This paper will have nothing to say about typology so that we can concentrate on within-language mismatches. For example, the inflectional morphology of a single language typically shows general default patterns which apply to most words, but exceptional patterns which override these for certain irregular words. I shall try to show in this paper that DI extends well beyond morphology, and can be applied (I shall claim) to every known type of within-language mismatch. Indeed, I shall go further and claim not only that DI is suitable for every kind of mismatch, but that no other kind of logic should be used even if others can be made to fit the facts. I shall now try to justify this exclusive position.
Suppose some mismatch pattern in a language can be explained either in terms of DI or in some other way, such as by a set of basic patterns and a procedure for changing them. For example, we might imagine a procedure which defines the normal morphological pattern for plural nouns (stem + {Z}), which when applied to goose gives gooses, combined with a procedure for changing gooses into geese. The claim of this paper is that we should prefer the explanation in terms of DI unless there are strong empirical reasons for preferring the other (a situation which, I guess, never arises). Why should we always prefer the default-inheritance explanation? Here are some reasons.

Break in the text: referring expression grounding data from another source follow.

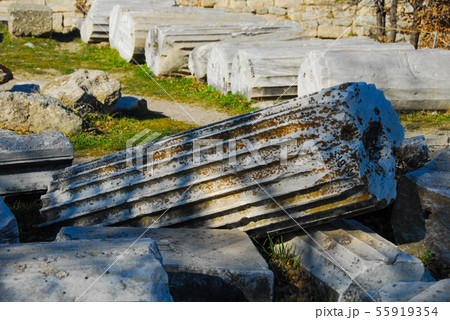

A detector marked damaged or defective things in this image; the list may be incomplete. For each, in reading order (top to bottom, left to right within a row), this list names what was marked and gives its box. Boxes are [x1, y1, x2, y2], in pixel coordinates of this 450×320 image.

broken architectural piece [7, 3, 52, 36]
broken architectural piece [0, 129, 74, 195]
broken architectural piece [39, 82, 404, 238]
broken architectural piece [0, 198, 19, 242]
broken architectural piece [392, 150, 448, 276]
broken architectural piece [0, 239, 172, 302]
broken architectural piece [56, 226, 274, 302]
broken architectural piece [280, 219, 434, 302]
broken architectural piece [362, 278, 450, 302]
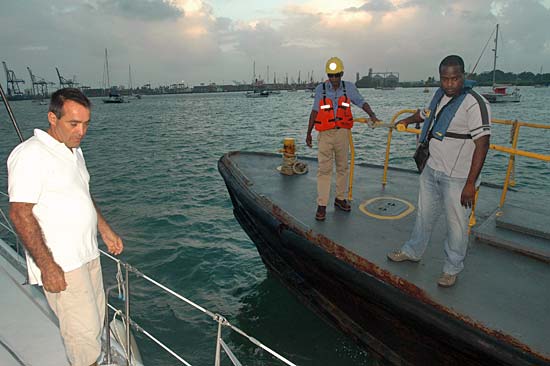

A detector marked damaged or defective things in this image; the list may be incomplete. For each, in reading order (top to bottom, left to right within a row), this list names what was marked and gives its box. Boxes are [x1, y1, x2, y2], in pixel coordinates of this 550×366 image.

rusty boat hull [218, 150, 550, 364]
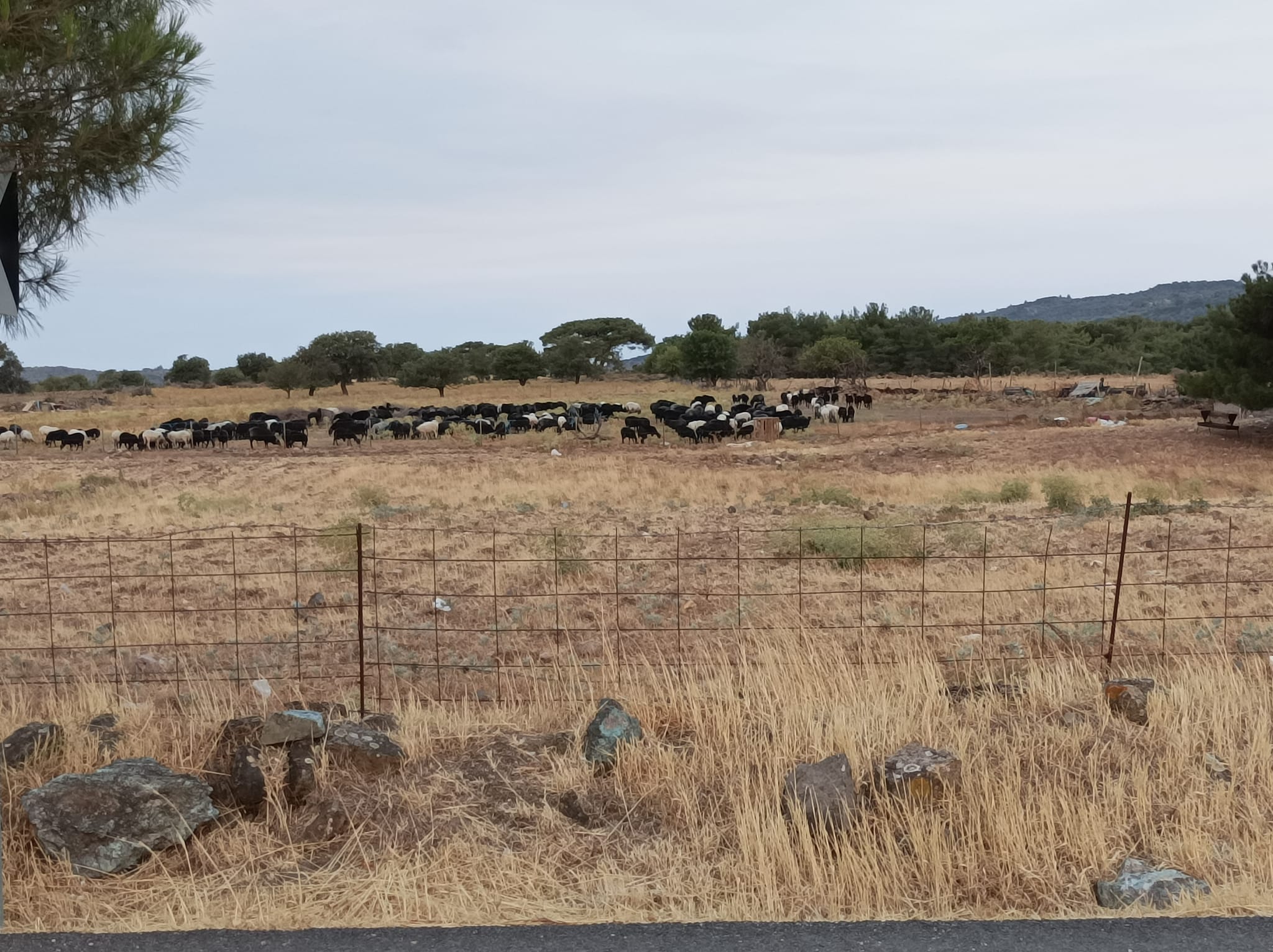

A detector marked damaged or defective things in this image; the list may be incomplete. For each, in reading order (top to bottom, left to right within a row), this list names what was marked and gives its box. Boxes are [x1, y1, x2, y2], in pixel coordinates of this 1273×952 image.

rusty wire fence [2, 507, 1273, 716]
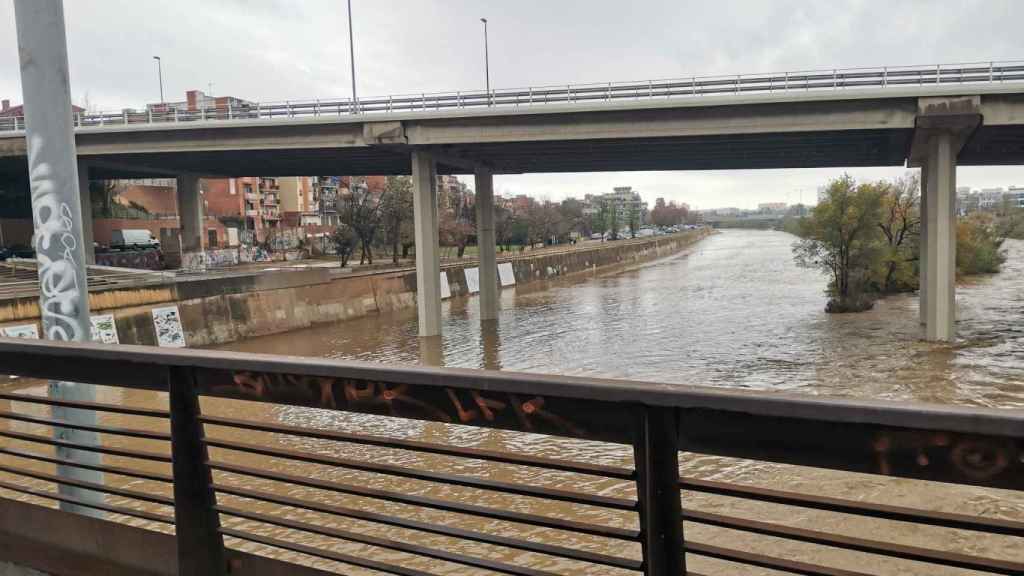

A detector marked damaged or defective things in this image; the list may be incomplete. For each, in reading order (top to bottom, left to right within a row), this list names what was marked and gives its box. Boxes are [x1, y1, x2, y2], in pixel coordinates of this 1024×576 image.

rusty metal post [168, 364, 225, 569]
rusty metal post [634, 405, 684, 569]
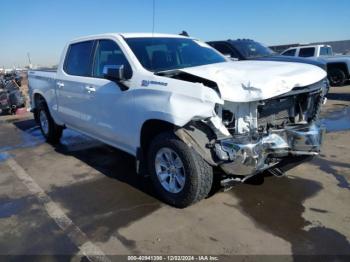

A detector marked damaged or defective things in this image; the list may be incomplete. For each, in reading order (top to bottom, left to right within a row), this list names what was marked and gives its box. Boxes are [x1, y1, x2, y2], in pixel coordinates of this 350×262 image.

crumpled hood [180, 61, 328, 102]
severe front end damage [176, 78, 326, 176]
crushed front bumper [216, 123, 326, 176]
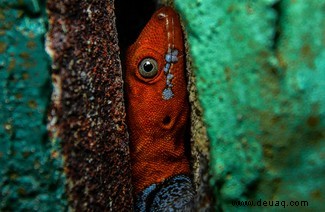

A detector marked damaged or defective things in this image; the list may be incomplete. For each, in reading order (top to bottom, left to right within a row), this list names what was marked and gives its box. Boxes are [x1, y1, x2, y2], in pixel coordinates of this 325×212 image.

rust texture [45, 0, 133, 210]
rusty metal surface [45, 0, 133, 210]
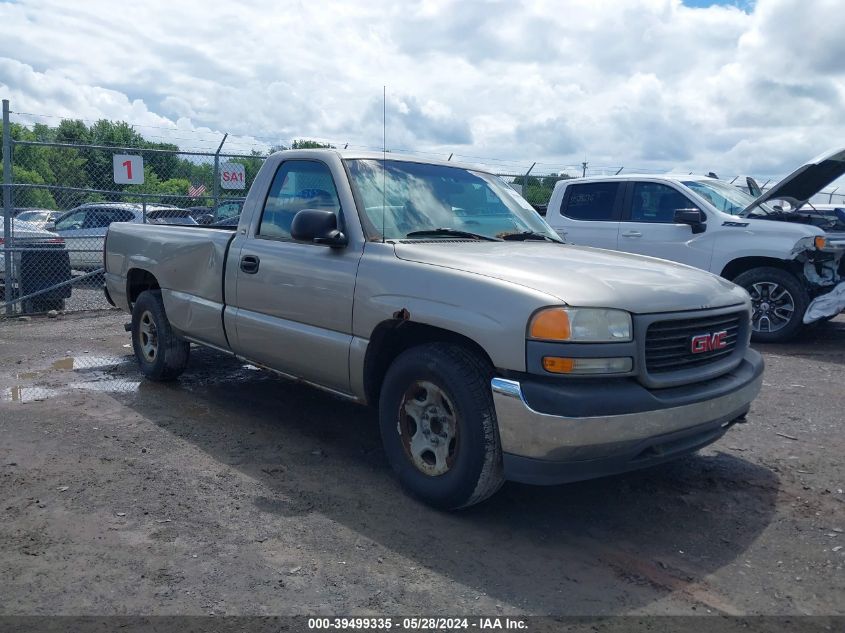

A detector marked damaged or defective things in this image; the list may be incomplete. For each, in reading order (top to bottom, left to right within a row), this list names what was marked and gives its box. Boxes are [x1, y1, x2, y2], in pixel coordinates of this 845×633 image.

damaged white truck [544, 148, 844, 340]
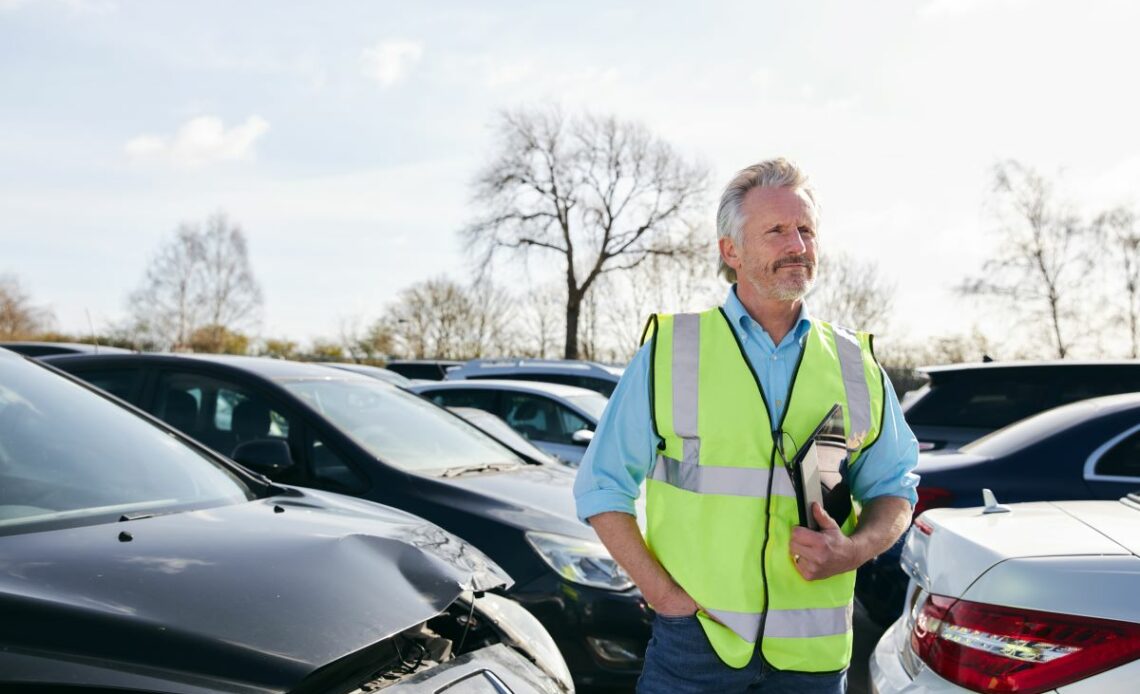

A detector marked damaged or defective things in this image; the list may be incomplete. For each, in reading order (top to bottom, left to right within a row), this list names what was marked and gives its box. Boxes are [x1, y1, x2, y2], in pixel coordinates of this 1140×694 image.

damaged car hood [0, 490, 508, 688]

· DI is psychologically plausible, because we have good reasons for believing that it is part of our general cognition. (How else could we cope with three-legged cats?) An explanation which uses machinery which is already available within cognition is better than one which invokes new kinds of machinery.
· DI fits all kinds of mismatch within language, rather than just one kind (e.g. inflectional morphology), so it again provides a more general explanation than alternatives which are restricted to a single area.
· DI is compatible with a purely declarative database - a database consisting of 'static' facts such as "Cats have four legs" or "The plural form consists of the stem followed by {Z}" - whereas alternatives involve procedures such as "If you need the plural form, add {Z} to the stem". Most linguists believe that language must be declarative because we use it for hearing as well as for speaking.
· DI is logically 'clean', in spite of widespread doubts which we shall consider in the next section.
· DI is a formalisation of traditional 'common-sense' accounts of language patterns which go back over two thousand years, so we need strong reasons for rejecting it in favour of a different logic.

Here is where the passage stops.